▶ WHAT IS EXPECTED: No pictures belong in the copy. Reproduce exactly the lines beginning at the line containing "a outdoor living" and continuing to the end of the entries below.

---------- RECORDS FOR THE EXERCISE

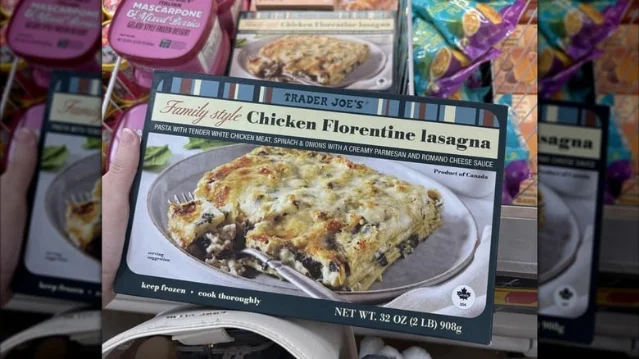 A hand holds a Trader Joe's Family Style Chicken Florentine Lasagna box in a store aisle; the front shows a cheesy lasagna portion, Family Style labeling, and net weight 32 oz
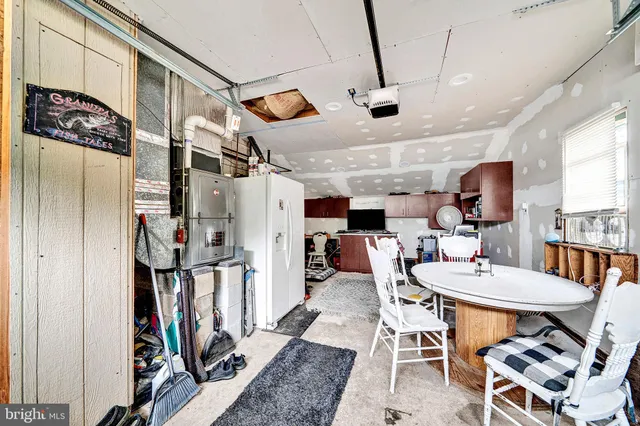 a outdoor living space with furniture and a potted plant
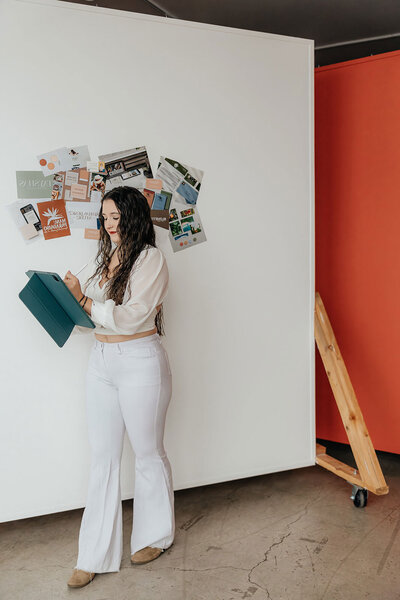 Taysha working on her tablet leaning agains a white wall with a moodboard hanging behind her.
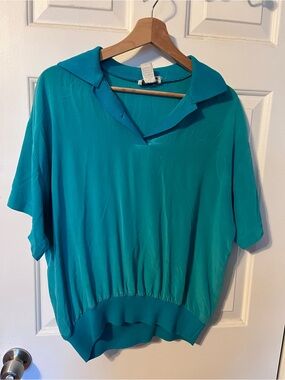 Blue-green vintage 100% silk polo shirt.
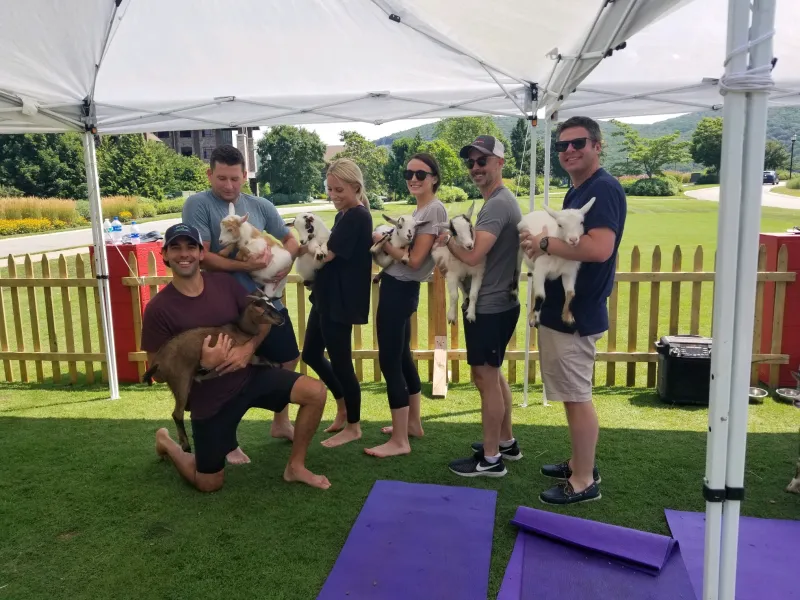 Family holding goats during goat yoga.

--------------------

▶ OUTPUT FOR THIS EXERCISE:
 a outdoor living space with furniture and a potted plant
 Taysha working on her tablet leaning agains a white wall with a moodboard hanging behind her.
 Blue-green vintage 100% silk polo shirt.
 Family holding goats during goat yoga.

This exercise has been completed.